In the early 1800s, Head of the Lake was a growing Black community in Ontario where people built homes, ran businesses and worshipped together. Located on the western end of Lake Ontario, on what became the city of Hamilton, this vibrant society was established by both free and formerly enslaved Black men and women from the U.S. who purchased land to forge a new life.
These early Black Hamiltonians also fought for justice and equality. They railed against the extradition of an escaped slave to his former master in Kentucky and fought for their children’s right to attend public schools, overcoming the prejudiced objections of local white people. These and other efforts to resist racial discrimination helped transform Hamilton into a hotbed of anti-slavery activity.
This chapter of Canadian history is not, however, part of the curricula at most Canadian public schools, which is precisely why it’s included in A Black People’s History of Canada. The website is a new public education resource led by U of T Scarborough professor Afua Cooper, a Black Canadian studies expert who wants to ensure that current and future generations of schoolchildren in Canada better understand how Black people have experienced and shaped this country.
“Despite the many ways Black people have influenced Canada – economically, politically, through abolitionist struggles, the civil rights movement and beyond – these histories have been studied very little,” says Cooper, who teaches in the history and women’s and gender studies programs at U of T Scarborough.
In 2021, as Killam Research Chair at Dalhousie University, she was awarded just over $1 million from the Canada History Fund to create classroom-ready learning materials for teachers across the country. She recruited a team of researchers to gather information on the key figures, organizations, movements and contributions that comprise 400 years of Black Canadian history.

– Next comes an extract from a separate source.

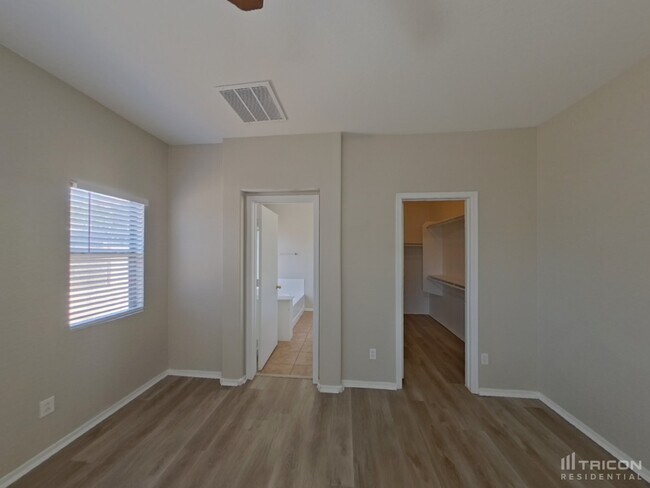 Building Photo - 9015 W Gibson Ln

They are turning their findings into articles, lesson plans, presentations and videos that will be integrated into English- and French-language Black history curricula in most provinces and territories.
The site already covers topics such as the first all-Black battalion that fought in the First World War; Portia White, Canada’s first Black opera singer; the many Black entrepreneurs who thrived as barbers across Canada; and how class and race have impacted the lives of African-Canadian children. New materials are being added regularly, covering the experiences of Black Canadians in abolitionism, science, technology, business, the civil rights movement and other vital domains.
For Cooper, growing up in Jamaica near a former slave plantation and hearing her grandmother’s stories about Black rights activism in that country ignited her social conscience and her passion for history. As a teenager, she discovered historian Walter Rodney’s 1972 book How Europe Underdeveloped Africa and says learning about the devastating effects of colonialism “changed my life” and inspired her to become a historian.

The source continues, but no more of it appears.